Simplikasi Sistem Cukai dan Pajak IHT Akan Tingkatkan Penerimaan Negara - 28 Apr 2014
Perlu dilakukan simplifikasi sistem cukai dan pajak Industri Hasil Tembakau (IHT) untuk meningkatkan penyerapan tenaga kerja dan penerimaan negara melalui cukai dan pajak.
Gagasan tersebut dibahas lebih lanjut oleh CIDES melalui penyelenggaraan CIDES Fiscal Policy Rountable di Jakarta, Senin (21/4) malam, dikarenakan adanya sejumlah tantangan yang dihadapi berkaitan dengan IHT, diantaranya adalah belum terwujudnya iklim kompetisi yang sehat, harga ditingkat konsumen yang terdistorsi, mutu tembakau dan pasokan tembakau tidak sesuai dengan kebutuhan, adanya ketidakpastian usaha, serta sistem cukai dan pajak yang rumit, sehingga tidak optimal meningkatkan penerimaan negara dan ketenagakerjaan.

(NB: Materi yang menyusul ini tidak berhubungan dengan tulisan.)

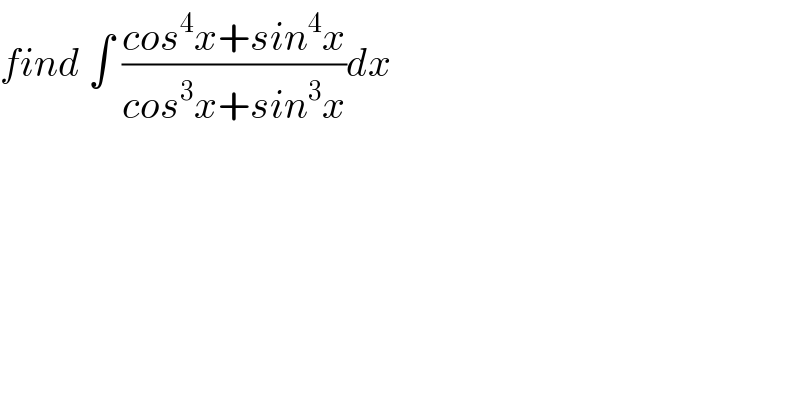 find ∫ ((cos^4 x+sin^4 x)/(cos^3 x+sin^3 x))dx  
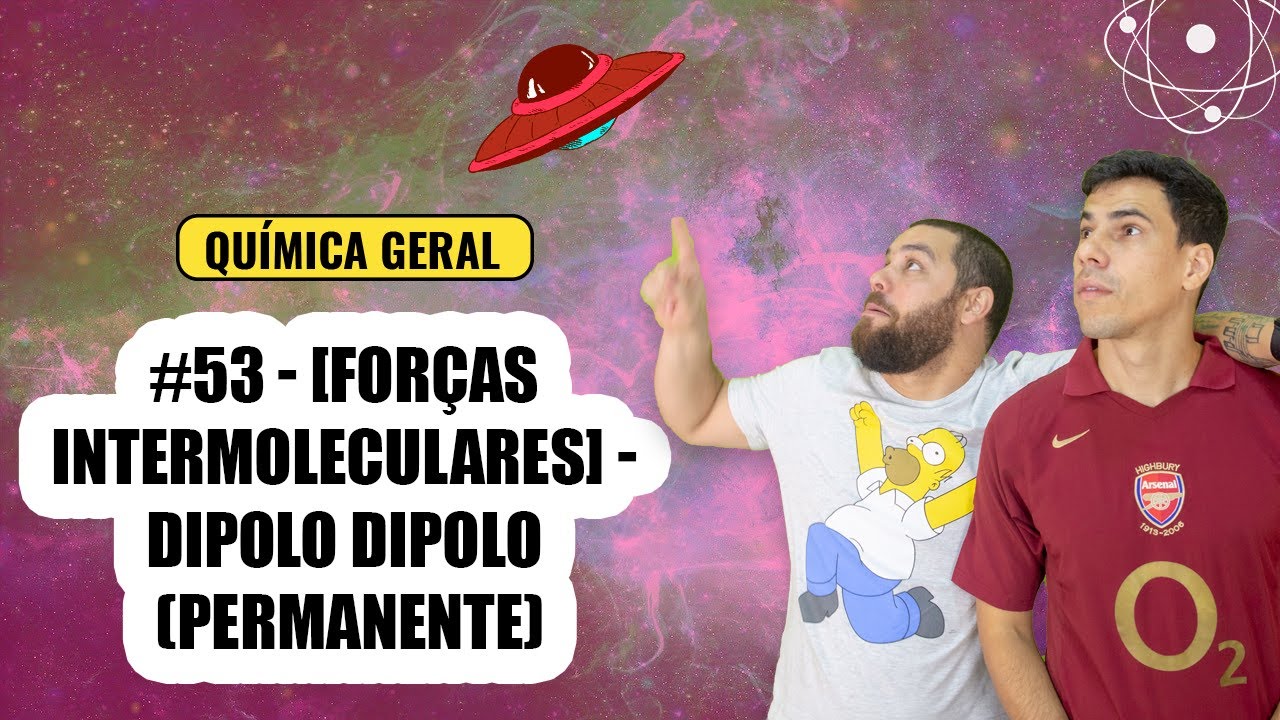 Química Simples #53 - [Forças Intermoleculares] - Dipolo Dipolo (permanente)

Produksi Tembakau di Indonesia meningkat dari 174,7 ribu ton pada 2008 menjadi 263,7 ribu ton pada 2012. Produksi rokok dari tahun ke tahun cenderung meningkat, dari 220,7 miliar batang pada 2005 menjadi 326,8 miliar batang pada 2012. Konsumsi rokok dari tahun ke tahun juga meningkat, dari 228,1 miliar batang 2005 menjadi 271,1 miliar batang 2012.
Sampai dengan 2013, rokok dikenakan dua jenis pajak, yakni : cukai hasil tembakau yang tarifnya antara Rp80-380, (berbeda-beda antara jenis rokok/golongan produksi); dan Pajak Pertambangan Nilai (PPN) sebesar 8,4% dari Harga Jual Eceran (HJE). Kebijakan cukai rokok belum efektif dalam meredam kenaikan konsumsi rokok di Indonesia, karena kenaikan produksi dipicu oleh permintaan yang tetap tinggi. Penambahan dana pajak rokok sebesar 10% yang mulai diberlakukan pada Januari 2014 ternyata bisa meningkatkan kapasitas fiskal, baik itu ditingkat provinsi maupun kabupaten. Pajak rokok sebesar 10% akan meningkatkan kapasitas fiskal daerah, dimana total dana yang akan dibagihasilkan ke provinsi sebesar Rp10 triliun guna meningkatkan pembiayaan kesehatan di tingkat daerah.